Beginning in the late 1980s, the Texas Supreme Court saw a slew of conservative judges elected to the bench. With this new Court, previous expansions of the law were stopped. Jury verdicts became highly suspect and were frequently overturned for a variety of reasons. Damages too did not go unnoticed. Juries’ assessments were wiped out by increasingly harsher standards. The ripple effect of the Court’s conservative philosophy on the judicial process was substantial. Jury verdicts, few as they may be, are not subject to harsh scrutiny by conscientious appellate judges sworn to follow the Texas Supreme Court’s precedent. And the larger the verdict, the greater the chance of reversal. Apologists frequently point out the excesses of the conservative court are no worse than the 1980s court, whose opinions were slanted the other way. While it’s true that no judge is completely objective, it is this imperfection that should require every judge to be as objective as possible.

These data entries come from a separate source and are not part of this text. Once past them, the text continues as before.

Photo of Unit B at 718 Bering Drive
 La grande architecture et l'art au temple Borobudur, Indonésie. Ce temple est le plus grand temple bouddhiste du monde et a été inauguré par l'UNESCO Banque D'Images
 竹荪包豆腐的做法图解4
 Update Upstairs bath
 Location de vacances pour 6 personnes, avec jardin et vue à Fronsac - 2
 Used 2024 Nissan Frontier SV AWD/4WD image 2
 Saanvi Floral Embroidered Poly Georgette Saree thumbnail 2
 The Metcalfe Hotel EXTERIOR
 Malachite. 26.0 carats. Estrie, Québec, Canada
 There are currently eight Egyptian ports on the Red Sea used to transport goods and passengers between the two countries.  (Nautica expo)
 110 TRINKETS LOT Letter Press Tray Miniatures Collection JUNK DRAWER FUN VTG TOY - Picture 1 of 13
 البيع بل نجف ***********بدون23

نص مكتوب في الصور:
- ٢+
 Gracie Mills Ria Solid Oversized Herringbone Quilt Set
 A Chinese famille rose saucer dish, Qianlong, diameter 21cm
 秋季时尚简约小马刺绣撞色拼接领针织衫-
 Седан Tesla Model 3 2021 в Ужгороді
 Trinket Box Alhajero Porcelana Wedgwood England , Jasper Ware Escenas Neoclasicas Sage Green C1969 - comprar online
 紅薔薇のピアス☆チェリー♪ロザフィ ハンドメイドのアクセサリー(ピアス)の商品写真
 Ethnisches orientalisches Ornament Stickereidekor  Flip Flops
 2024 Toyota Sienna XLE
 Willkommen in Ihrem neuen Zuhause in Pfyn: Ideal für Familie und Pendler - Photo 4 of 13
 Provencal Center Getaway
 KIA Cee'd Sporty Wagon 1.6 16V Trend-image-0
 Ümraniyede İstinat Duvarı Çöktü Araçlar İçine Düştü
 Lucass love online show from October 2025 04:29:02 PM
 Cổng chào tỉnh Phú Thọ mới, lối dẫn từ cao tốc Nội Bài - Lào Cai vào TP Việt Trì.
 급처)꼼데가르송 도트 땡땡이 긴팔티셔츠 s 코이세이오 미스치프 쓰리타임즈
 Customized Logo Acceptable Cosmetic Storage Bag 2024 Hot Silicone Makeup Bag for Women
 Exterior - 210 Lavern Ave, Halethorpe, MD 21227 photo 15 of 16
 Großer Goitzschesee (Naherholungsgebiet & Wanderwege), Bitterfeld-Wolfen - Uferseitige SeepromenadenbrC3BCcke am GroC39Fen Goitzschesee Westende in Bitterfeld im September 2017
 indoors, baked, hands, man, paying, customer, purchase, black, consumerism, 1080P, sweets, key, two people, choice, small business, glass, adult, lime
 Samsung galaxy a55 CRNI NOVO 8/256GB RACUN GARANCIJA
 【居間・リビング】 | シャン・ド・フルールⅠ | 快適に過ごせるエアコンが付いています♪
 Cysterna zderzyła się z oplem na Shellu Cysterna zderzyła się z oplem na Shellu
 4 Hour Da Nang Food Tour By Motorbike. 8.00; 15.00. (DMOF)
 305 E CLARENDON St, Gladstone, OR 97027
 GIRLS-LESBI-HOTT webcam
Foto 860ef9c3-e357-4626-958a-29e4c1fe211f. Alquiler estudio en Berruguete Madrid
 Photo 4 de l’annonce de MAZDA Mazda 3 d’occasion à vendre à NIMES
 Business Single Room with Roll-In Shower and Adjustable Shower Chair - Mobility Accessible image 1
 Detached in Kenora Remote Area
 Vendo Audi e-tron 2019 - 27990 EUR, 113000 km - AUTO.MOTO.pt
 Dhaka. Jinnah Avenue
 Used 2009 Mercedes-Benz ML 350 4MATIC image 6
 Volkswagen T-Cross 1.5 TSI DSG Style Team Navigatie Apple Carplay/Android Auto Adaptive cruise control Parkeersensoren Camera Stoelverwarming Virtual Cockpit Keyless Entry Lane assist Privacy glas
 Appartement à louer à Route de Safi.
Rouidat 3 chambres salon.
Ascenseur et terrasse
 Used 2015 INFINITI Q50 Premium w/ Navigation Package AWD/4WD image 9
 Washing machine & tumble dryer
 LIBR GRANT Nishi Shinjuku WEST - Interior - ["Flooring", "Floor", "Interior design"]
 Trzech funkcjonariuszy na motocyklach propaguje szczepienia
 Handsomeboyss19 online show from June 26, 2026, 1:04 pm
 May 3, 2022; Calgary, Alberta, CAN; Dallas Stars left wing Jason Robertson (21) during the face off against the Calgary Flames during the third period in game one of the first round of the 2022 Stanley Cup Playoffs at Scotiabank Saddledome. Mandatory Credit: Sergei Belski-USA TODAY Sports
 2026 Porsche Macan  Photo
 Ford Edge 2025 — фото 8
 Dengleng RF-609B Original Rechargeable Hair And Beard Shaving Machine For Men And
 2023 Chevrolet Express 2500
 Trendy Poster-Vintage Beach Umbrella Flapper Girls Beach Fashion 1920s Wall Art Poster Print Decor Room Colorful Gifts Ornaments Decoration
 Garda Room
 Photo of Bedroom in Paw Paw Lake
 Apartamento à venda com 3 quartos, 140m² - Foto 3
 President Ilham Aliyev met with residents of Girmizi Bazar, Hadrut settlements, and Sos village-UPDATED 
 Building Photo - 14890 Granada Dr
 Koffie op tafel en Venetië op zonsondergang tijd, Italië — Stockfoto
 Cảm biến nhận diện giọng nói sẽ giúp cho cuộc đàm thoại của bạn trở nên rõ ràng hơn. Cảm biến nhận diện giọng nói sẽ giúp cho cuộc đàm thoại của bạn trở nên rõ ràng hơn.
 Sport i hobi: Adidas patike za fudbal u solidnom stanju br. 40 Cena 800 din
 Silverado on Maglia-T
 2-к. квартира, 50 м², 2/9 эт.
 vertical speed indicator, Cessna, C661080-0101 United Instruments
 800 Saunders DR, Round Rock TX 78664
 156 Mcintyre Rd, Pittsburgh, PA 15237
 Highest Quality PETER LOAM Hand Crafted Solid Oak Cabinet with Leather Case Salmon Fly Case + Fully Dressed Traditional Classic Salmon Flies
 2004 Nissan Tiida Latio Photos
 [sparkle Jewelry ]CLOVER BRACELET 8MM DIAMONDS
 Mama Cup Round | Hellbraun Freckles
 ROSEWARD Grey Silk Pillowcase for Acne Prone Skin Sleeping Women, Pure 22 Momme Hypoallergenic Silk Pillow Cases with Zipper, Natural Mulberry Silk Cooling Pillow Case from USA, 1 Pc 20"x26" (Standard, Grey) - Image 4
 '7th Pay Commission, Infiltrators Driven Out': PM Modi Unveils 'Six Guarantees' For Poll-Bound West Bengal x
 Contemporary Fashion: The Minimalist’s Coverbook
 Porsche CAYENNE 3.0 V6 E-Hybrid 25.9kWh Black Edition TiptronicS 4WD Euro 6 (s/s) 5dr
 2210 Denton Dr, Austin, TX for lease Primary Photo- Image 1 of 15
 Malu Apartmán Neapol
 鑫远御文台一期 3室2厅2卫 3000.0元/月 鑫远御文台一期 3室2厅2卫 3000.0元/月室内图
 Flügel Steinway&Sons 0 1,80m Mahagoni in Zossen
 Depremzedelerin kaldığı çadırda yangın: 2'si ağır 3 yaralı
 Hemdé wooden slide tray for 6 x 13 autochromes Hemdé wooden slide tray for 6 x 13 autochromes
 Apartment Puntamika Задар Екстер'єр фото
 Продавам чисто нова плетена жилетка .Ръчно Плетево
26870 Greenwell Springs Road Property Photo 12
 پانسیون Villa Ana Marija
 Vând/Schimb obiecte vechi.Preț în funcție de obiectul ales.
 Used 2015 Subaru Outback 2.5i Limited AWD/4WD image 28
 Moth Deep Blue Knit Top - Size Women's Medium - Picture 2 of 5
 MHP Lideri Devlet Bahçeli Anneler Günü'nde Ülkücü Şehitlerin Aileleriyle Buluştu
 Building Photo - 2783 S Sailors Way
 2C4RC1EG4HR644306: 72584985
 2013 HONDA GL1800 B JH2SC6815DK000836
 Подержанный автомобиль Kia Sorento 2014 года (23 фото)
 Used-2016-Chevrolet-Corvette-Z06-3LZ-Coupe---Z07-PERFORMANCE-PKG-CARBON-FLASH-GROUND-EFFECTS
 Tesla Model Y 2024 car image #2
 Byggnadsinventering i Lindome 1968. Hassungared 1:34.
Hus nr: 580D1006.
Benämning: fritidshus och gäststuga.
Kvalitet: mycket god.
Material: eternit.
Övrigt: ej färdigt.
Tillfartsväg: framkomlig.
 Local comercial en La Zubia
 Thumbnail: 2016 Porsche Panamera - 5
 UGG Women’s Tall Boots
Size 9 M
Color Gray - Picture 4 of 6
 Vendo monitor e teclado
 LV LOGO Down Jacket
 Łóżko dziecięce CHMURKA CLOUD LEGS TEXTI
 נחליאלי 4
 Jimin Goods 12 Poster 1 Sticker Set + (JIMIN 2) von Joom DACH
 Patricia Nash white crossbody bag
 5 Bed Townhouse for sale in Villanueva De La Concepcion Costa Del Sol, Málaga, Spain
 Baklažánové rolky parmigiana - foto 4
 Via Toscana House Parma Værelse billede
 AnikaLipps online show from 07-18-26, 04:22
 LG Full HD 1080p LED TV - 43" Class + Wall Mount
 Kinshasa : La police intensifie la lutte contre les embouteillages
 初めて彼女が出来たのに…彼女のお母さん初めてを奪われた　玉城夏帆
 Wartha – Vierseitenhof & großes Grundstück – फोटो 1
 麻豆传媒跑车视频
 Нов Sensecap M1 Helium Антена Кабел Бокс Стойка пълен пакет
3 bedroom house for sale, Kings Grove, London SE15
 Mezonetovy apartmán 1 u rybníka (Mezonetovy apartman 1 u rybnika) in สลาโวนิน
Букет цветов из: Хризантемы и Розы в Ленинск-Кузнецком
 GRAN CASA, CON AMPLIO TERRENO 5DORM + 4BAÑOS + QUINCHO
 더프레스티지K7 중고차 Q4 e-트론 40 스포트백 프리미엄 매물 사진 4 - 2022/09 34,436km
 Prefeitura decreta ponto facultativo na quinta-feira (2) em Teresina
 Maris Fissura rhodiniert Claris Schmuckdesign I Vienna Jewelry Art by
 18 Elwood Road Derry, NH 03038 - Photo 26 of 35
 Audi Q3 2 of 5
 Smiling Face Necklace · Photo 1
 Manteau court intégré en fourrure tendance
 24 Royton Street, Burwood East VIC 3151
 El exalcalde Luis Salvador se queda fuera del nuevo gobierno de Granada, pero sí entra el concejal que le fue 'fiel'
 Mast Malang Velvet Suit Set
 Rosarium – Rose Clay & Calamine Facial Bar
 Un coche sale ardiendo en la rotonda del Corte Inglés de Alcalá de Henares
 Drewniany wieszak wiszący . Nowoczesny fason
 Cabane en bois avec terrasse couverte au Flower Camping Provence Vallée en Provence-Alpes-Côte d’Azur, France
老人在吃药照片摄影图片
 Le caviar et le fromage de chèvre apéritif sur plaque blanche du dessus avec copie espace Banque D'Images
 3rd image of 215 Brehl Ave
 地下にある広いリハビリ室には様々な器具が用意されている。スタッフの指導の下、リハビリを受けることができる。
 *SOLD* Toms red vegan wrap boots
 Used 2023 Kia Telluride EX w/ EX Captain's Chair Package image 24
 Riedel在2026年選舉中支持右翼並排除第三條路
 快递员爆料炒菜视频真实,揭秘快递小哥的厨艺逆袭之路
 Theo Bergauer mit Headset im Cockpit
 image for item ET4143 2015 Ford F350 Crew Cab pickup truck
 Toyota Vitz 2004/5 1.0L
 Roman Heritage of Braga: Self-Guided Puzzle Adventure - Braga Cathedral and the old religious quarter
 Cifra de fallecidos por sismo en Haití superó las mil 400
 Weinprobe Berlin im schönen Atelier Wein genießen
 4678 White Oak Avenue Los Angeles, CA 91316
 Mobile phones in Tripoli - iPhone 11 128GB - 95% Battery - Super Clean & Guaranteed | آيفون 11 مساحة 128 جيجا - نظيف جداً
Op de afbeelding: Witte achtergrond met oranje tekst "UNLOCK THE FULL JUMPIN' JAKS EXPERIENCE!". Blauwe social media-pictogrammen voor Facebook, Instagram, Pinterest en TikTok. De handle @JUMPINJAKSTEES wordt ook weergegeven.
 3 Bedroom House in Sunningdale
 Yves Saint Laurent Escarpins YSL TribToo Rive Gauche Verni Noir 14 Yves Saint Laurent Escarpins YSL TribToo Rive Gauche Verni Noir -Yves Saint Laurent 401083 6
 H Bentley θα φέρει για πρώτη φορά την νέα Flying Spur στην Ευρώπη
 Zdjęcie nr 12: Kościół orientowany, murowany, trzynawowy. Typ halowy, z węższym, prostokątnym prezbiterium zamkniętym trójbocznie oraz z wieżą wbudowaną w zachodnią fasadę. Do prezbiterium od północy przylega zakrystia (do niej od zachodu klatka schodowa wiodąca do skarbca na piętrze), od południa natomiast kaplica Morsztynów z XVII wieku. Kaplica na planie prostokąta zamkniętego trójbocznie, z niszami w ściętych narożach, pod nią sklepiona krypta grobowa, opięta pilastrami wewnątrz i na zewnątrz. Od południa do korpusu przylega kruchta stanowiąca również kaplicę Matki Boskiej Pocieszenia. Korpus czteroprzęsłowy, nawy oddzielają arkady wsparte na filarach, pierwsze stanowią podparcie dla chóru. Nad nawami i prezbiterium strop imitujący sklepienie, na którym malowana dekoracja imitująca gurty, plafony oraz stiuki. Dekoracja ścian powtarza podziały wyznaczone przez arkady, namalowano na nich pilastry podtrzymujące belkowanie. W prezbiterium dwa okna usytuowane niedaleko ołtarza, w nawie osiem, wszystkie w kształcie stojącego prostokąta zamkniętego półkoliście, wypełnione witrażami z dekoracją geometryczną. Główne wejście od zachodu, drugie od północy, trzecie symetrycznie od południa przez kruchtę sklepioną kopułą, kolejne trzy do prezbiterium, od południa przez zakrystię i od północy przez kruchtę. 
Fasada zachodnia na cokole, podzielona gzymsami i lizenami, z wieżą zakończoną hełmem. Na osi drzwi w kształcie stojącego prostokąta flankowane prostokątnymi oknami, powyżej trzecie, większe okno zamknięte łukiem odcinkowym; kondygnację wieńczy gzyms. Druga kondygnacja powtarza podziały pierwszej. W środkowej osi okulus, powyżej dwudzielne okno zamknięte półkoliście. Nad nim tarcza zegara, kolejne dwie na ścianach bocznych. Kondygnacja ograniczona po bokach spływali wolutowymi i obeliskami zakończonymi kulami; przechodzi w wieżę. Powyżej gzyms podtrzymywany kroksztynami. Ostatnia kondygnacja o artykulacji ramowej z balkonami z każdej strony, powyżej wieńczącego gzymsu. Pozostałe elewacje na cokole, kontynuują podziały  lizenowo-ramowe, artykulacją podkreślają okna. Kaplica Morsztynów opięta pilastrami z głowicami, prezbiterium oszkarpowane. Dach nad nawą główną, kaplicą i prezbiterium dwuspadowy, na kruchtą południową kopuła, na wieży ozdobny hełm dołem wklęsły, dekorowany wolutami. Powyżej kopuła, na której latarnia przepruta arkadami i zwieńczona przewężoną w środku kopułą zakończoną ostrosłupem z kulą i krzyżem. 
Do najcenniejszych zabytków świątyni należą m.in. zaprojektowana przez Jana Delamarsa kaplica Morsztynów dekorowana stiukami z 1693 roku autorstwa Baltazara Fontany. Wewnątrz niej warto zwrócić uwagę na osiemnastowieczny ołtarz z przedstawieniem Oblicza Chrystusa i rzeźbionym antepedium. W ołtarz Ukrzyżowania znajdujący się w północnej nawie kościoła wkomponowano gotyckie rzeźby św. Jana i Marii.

For almost a decade, the Phillips/Hecht Court has ignored, trivialized, or written around jury verdicts. In every area of the law, the Phillips/Hecht Court has overturned or limited potential recovery by injured individuals. In all areas of the law, concepts of duty, causation, no-evidence, and qualifications of experts have been greatly altered. Because stare decisis is so important and virtually a commandment to both an intermediary appellate and trial court, these concepts may stay as the Court has crafted them. Each decision in these various areas of the law chips away at an injured party’s ability to present a case to a jury. Although lip service is given to the importance of the jury, the decisions of the Court demonstrate the jury verdict does not mean much. This erosion of the jury’s significance undercuts a major tenant of democracy.